Den noch nicht endgültigen Ergebnissen vom Sonntag zufolge, konnte sich die Koalition von Premierminister Scott Morrison zwar einen klaren Sieg sichern, unklar war aber zunächst, ob der Vorsprung für eine Mehrheitsregierung reicht. Bill Shorten, Vorsitzender der oppositionellen Labor-Partei, räumte seine Niederlage ein und erklärte seinen Rücktritt.

Premierminister Morrison sprach angesichts des unerwarteten Siegs von einem «Wunder». Er hatte das Amt des Regierungschefs erst im August nach einem parteiinternen Putsch gegen seinen Amtsvorgänger Malcolm Turnbull übernommen.

Die von der Wahlkommission am Sonntag veröffentlichen vorläufigen Ergebnisse zeigten, dass Morrisons Liberalen fünf der 76 nötigen Sitze für eine Parlamentsmehrheit fehlen.

Erste Nachwahlbefragungen hatten zunächst noch die Labor-Partei mit 52 Prozent vorn gesehen. Auch in Umfragen vor der Wahl hatte sich eine Wahlniederlage für die Regierungskoalition abgezeichnet.

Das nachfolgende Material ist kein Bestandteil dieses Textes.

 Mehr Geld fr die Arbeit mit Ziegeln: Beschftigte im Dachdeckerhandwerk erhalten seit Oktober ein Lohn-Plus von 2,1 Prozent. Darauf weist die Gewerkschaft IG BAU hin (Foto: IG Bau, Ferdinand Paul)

Mit einer Negativkampagne und Unterstützung des grössten australischen Medienunternehmens, das zum Imperium des Medienmoguls Rupert Murdoch zählt, konnte Morrison in den Umfragen jedoch wieder aufholen. Seine Wahlkampagne zielte vor allem auf ältere, wohlhabende Wähler ab, deren Steuererleichterungen unter einer Labor-Regierung teilweise hätten abgeschafft werden können.

«Es ist offensichtlich, dass Labor die nächste Regierung nicht bilden kann», sagte Oppositionsführer Shorten nach der Wahl vor ungläubigen Anhängern in Melbourne. Er habe Morrison bereits gratuliert und werde als Parteivorsitzender zurücktreten.

US-Präsident Donald Trump gratulierte Morrison per Twitter. Nach Bekanntgabe der vorläufigen Ergebnisse telefonierten beide miteinander und sagten «enge Zusammenarbeit bei gemeinsamen Prioritäten» zu, wie das Weisse Haus in Washington mitteilte.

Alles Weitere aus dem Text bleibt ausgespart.